Definitely true, and the reason why team success often has a lot more to do with political/psychological dynamics than any technical issues, aesthetic or otherwise. It can seem sisyphean but it seems obvious to me that tools like credo help. Honestly have a hard time seeing another side to that in relation to a team setting.
Practically, one thing I’ve found really helpful is to try to get some consensus off the bat there is utility in drawing a line between style “preferences“ and “errors” even when it’s not pure from a theoretical pov. Then issues idenitfied as mere style go into a basket for potential credo rules, if we can’t get the computer to enforce it we just accept variation and ignore in PR reviews. Other things, like using some random acronym for a var, are legitimate targets for callouts even though they are also arguably only about readability.
Let me know if I misunderstood you but this right here looks a bit pretentious. Or maybe you don’t work in teams and can afford this view?
While I have certainly found and used my own style towards a good amount of problems, it also has to be said that programming is mostly an objective science – one nobody can quite describe fully and formally just yet.
But let me not jump to assumptions. Can you give examples of artistic merit in programming? I am struggling with that.
To reiterate my stance, to me formatters are a fact of life, one I grew very fond of with time. I actually view this transition of mindset as a character development; letting go of something that looked like ego to me, so I can collaborate with people. I find it fascinating that it seems you’re going in the opposite direction. But I am certain I have misunderstood you and will appreciate elaboration.
I agree with your thoughts on the rigid SQL and HTTP apps. Curious, what would you say would be a better or ideal way to build quality software? What has been forgotten?
For the record I think having a “coding style” is a great idea. And I would include many things in such a style guide that are impossible to lint because they require intelligence to make a judgement call as to whether something is in the spirit of the guide or not.
As an example, take a look at TigerBeetle’s style guide. There are some things on here that could be linted, but look at how many cannot be. There are literally entries labeled “this requires taste”!
This wasn’t directed to me specifically, but I think physical architectural is a classic example no? When a building just has the right proportions, but also is made with high quality components, it blends into its environment amplifying natural beauty instead of destroying it. The opposite of a mcmansion.
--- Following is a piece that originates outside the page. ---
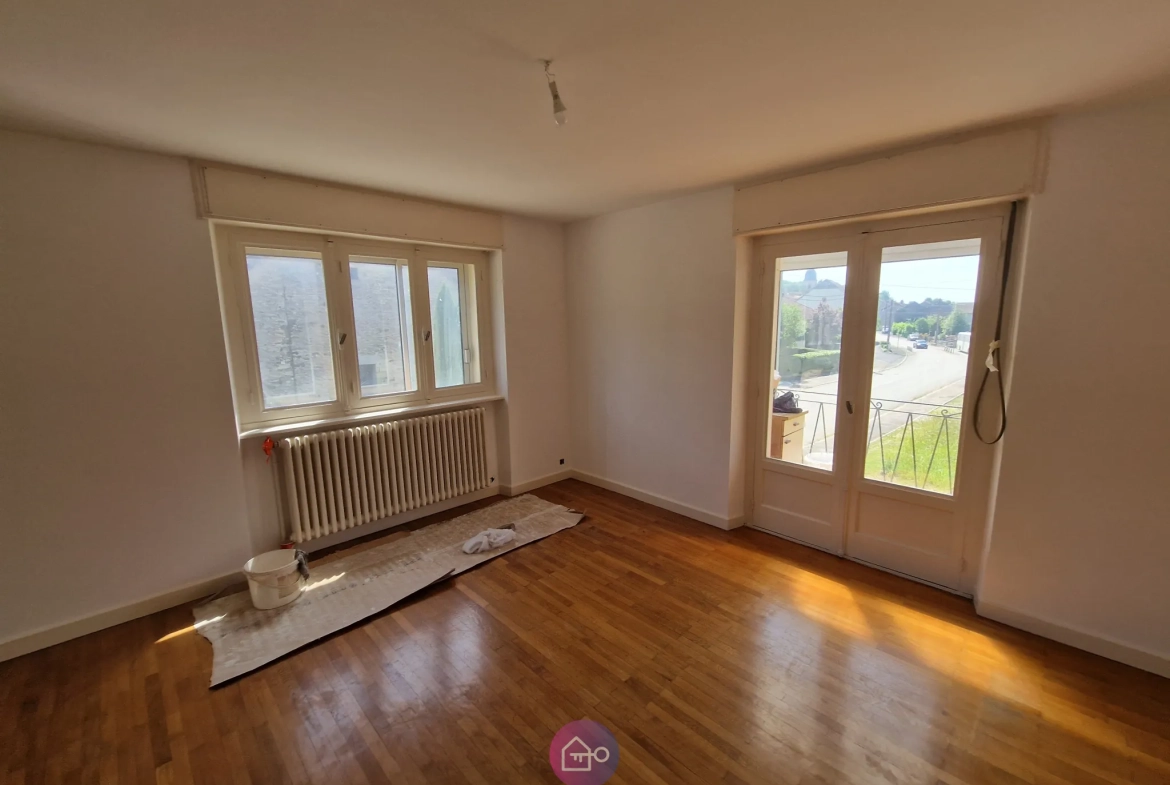 Maison à vendre avec potentiel exceptionnel à Pomoy (70) - Grand terrain et dépendances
I feel the same way when I’m reading good code, vs reading the software equivalent of a mcmansion. The names express the intent instead of making me squint, modules have a pleasant size where I can grasp the context but am not overwhelmed by details…etc
I get the idea but I would be more interested in examples with code. I’ll start: I do my best to produce code that reads like English; like a story. Never have functions that are too long. Don’t mix concerns if you can help it. Isolate side effects to the maximum extent possible without resorting to various madnesses. Things like that.
But I would argue those are mostly quantifiable and don’t fall under “art”.
Started reading and already liking it but “this requires taste” makes me roll my eyes.
Well it’s not like I remember them, I wasn’t there! Keep in mind just because I can identify the fact that there’s a problem does not mean I know exactly what the problem is let alone what the solution is. I am definitely not claiming to have found the lost knowledge.
But I know something is wrong because software doesn’t work as well as it used to. To start, go back and read the original Apple Human Interface Guidelines for the Mac. The original Mac, from the 80s. Look at how much care they put into the user experience compared to the average webapp today, and ask yourself how we could have moved so much further backwards in 41 years. It really is just straight up depressing.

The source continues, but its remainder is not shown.